Poppy (in Australia)
Awesome Big Lad! Can we come live in it?
Very impressive.
Of course, it’ll just be a levelled piece of work assessed against the criteria established by the national curriculum, against his age and experience, taking into account any parental help and appreciating any attempt at scale and the reuse of resources available.
It should just be a damn good model, made by someone who worked hard and enjoyed what they were doing.
Amazing work, can see he takes after his old man in the modelling stakes, brings back some memories of being an assistant in the creative process.
That’s fantastic!! Your young man never ceases to amaze me with his abilities - far and above those of most children of his age.
Well done to the Big Lad!
I’m firmly of the view that it’s not that the Big Lad is in someway innately better than his peers.
Rather, we put it down to him having the encouragement, support and approval needed to stretch himself, to tackle difficult tasks (and yes, learn that he can’t quite manage some of them yet), and to think outside the prescriptive “but he’s only six/seven/eight” box that many adults put children in.
For instance, we’ve just had a note home from school saying that he’s two years ahead of his peers in maths. (And yes, I know it’s meaningless target in many ways.)

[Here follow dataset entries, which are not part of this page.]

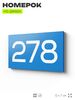 Номер на дверь 278, табличка на дверь для офиса, квартиры, кабинета, аудитории, склада, голубая 120х70 мм, Айдентика Технолоджи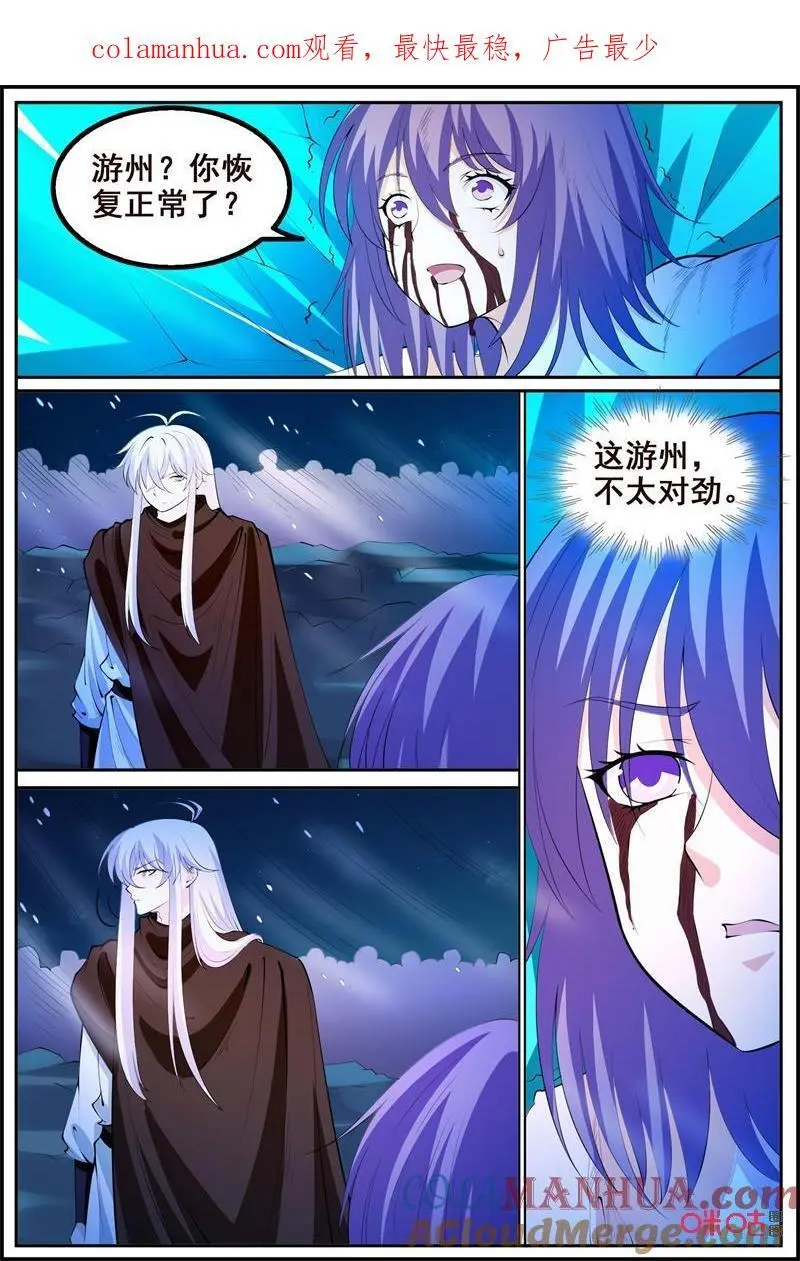 第207话：另一个游州15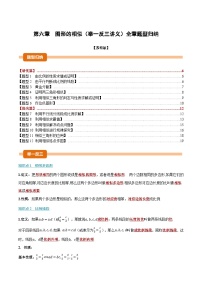 苏科版（2024）九年级下册相似三角形的性质学案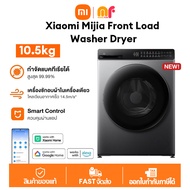Xiaomi Mijia Front Load Washer Dryer 10.5kg -TH Version Mi Smart Washer 10.5kg เครื่องซักผ้า เครื่อง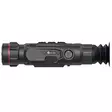 Guide Outdoor Nova N Scope N425S - Termiske og nattoptiske sikter - 6970883554584 - 5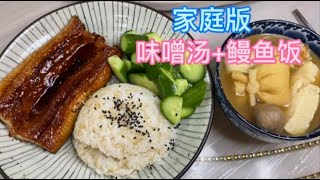 27 只要有秘诀，在家也能做出异国美食。上海家庭版味噌汤鳗鱼饭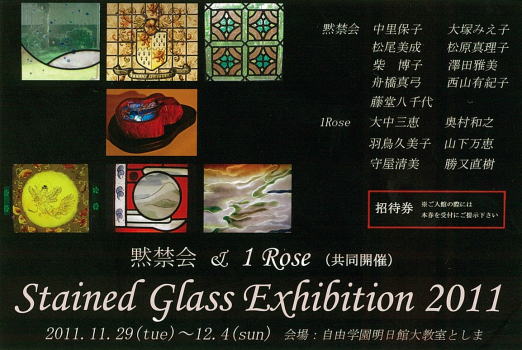 黙禁会 ＆ 1Rose　ステンドグラス展 2011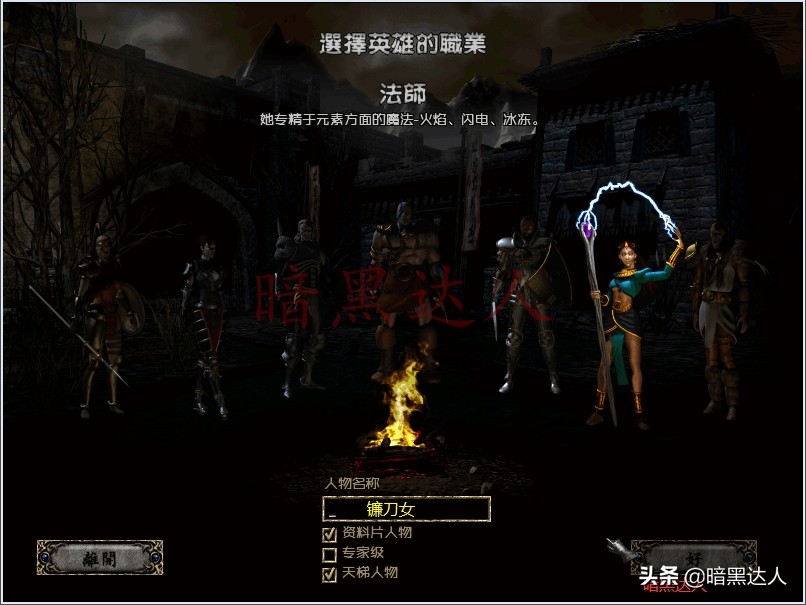 暗黑破坏神2前期电法装备,暗黑破坏神2重制版无形镰刀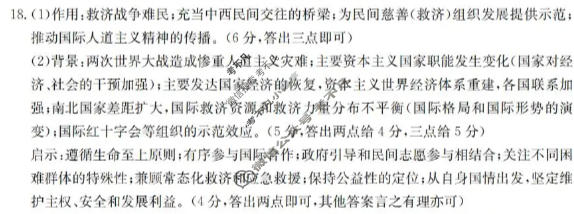 葫芦岛市金太阳2025-2026学年高三下学期期中联考(5.7)历史答案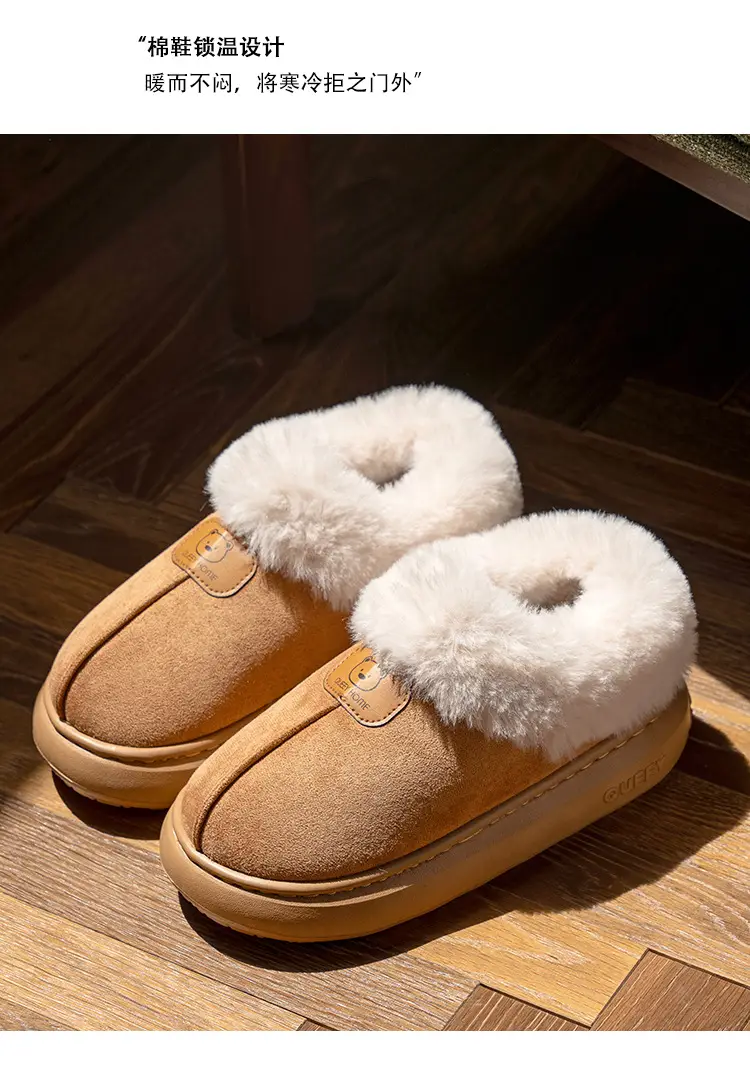 Women Warm Faux Fur Heel Slippers Brown Winter — feature 7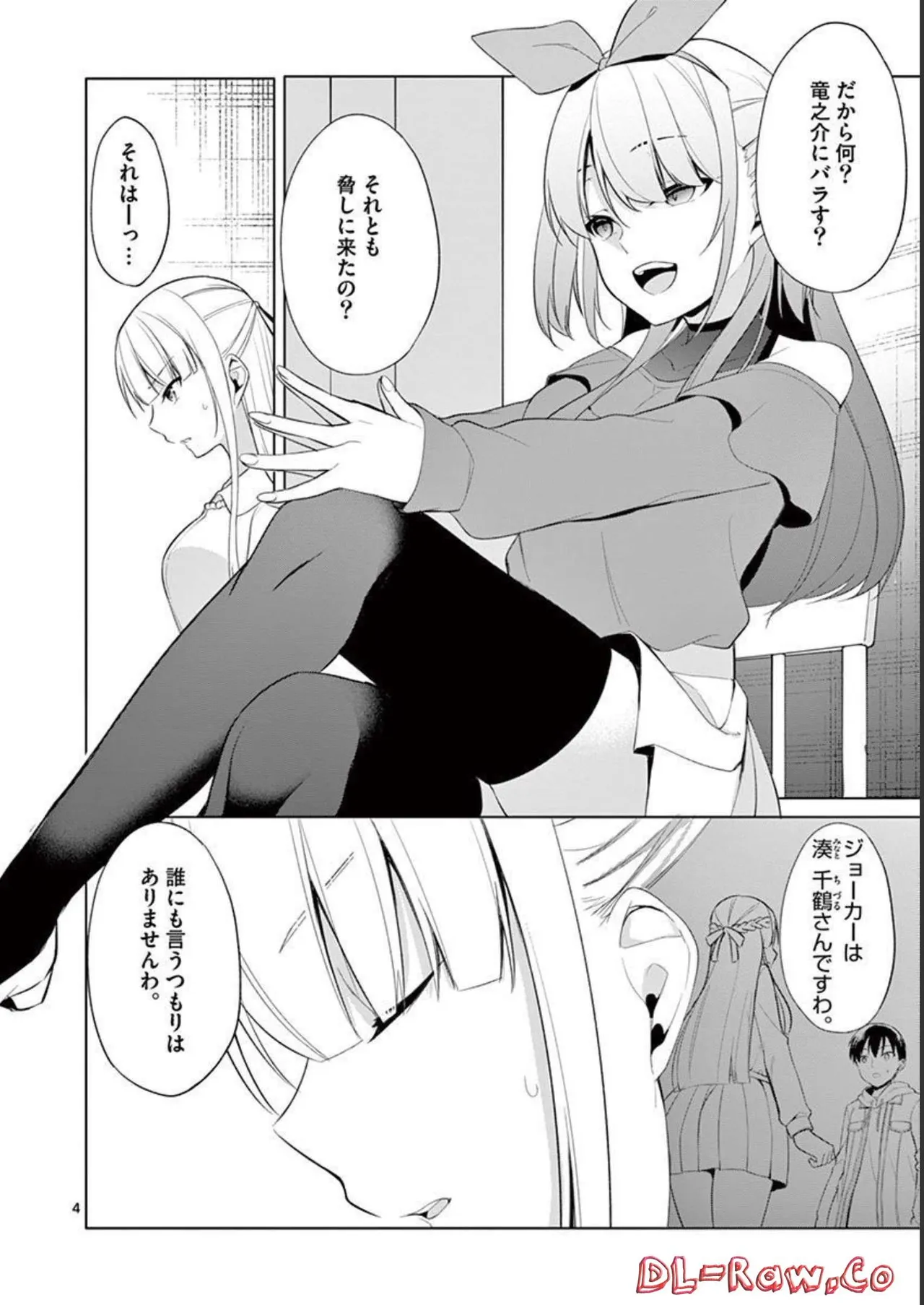 1／10の花嫁 第04巻 Page.62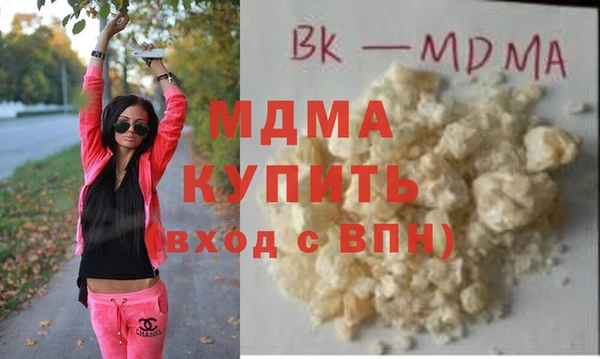 каннабис Богданович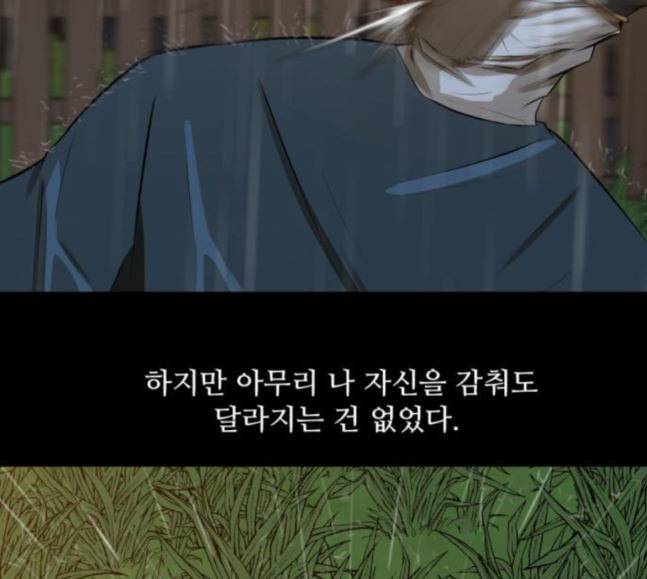검은인간 2 28 가면 54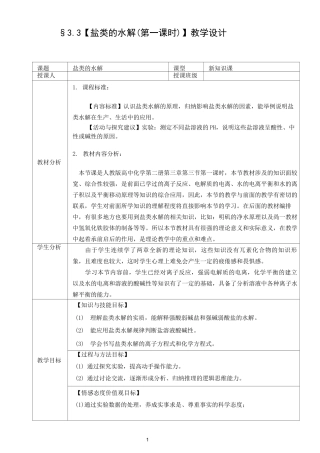盐类的水解教学设计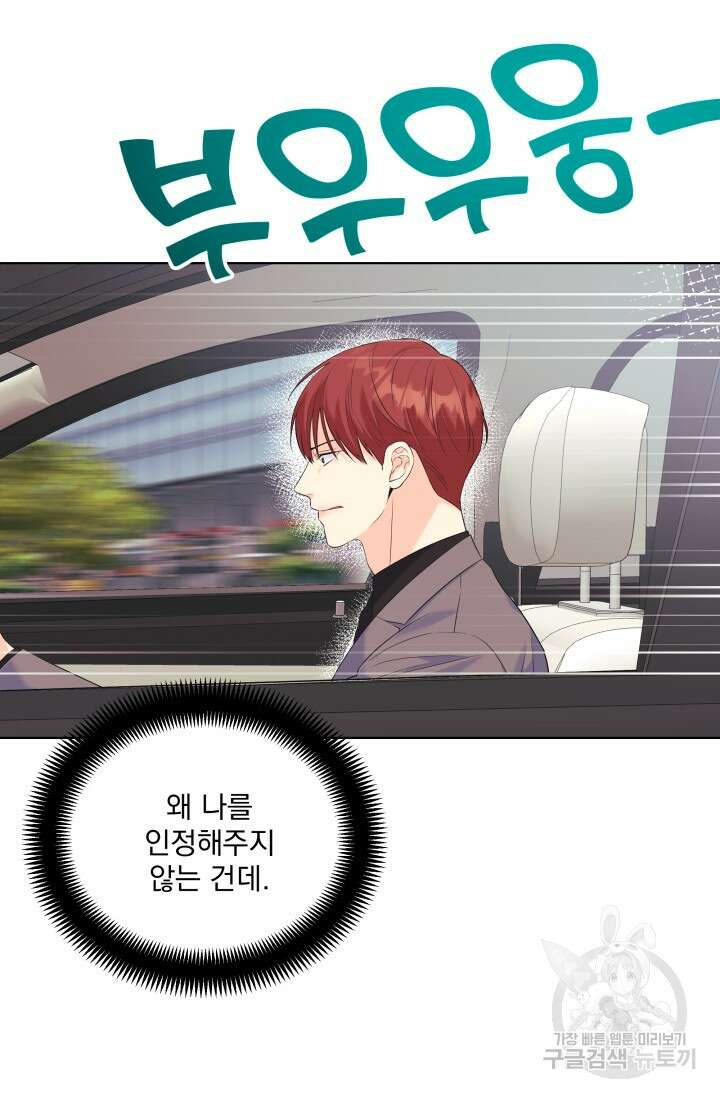 손아귀에서 피어나는 꽃 65화 15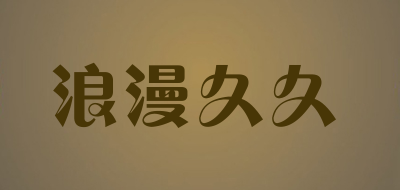 浪漫久久是什么牌子_浪漫久久品牌怎么样?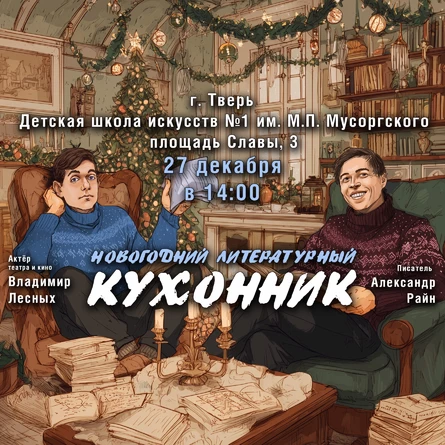 Вечер юмористической прозы "Новогодний Кухонник" в Твери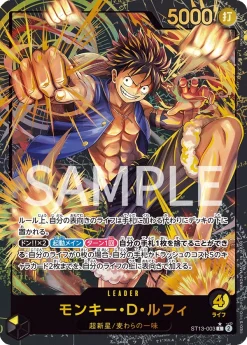 Japanese One Piece Card Game Premium Card Collection Leader Collection - Image 3 Japanese One Piece Card Game Premium Card Collection Leader Collection - Image 3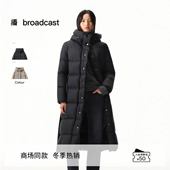 保暖龟背鹅绒服女秋冬新款 播商场同款 长款 防寒外套BDS4RD3819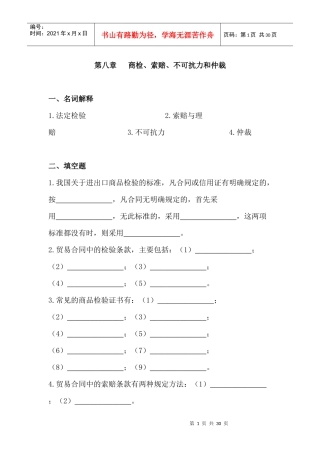 国际贸易实务习题大全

The reason for the Big Lad’s maths skills is that we’ve spend a lot of time over the past few years doing all sorts of maths in a fun and non-intrusive way. Chicken eggs make great counters for a start (just counting to start, then addition and subtraction, now multiplication and division).
The Big Lad helps me measure up timber when I’m making things, he understands the basics of trigonometry and Pythagoras’s Theorem from helping me set out fences, he can work out fuel consumption and electricity consumption from watching and asking questions while I do the calculations, he understands scale from reading maps with me, and so on.
The Wee ‘Un is the same and I know from my spells supervising at playgroup that most of the other children can pick things up quickly if given the chance and encouragement. But I also know from playgroup that most parents and staff dumb down for the children.
Anyway, that’s my opinion.
Although I will admit it probably helps the Big Lad having such brainiac genes!!
I use the correct terminology for the things I teach in school, and the children learn it just as well. Why should I teach them a word, then another word when they are bigger, and another word after that, all for the same thing. Either it’s a homophone or it’s not, if you follow me. Children are not stupid, they just don’t know until they are told!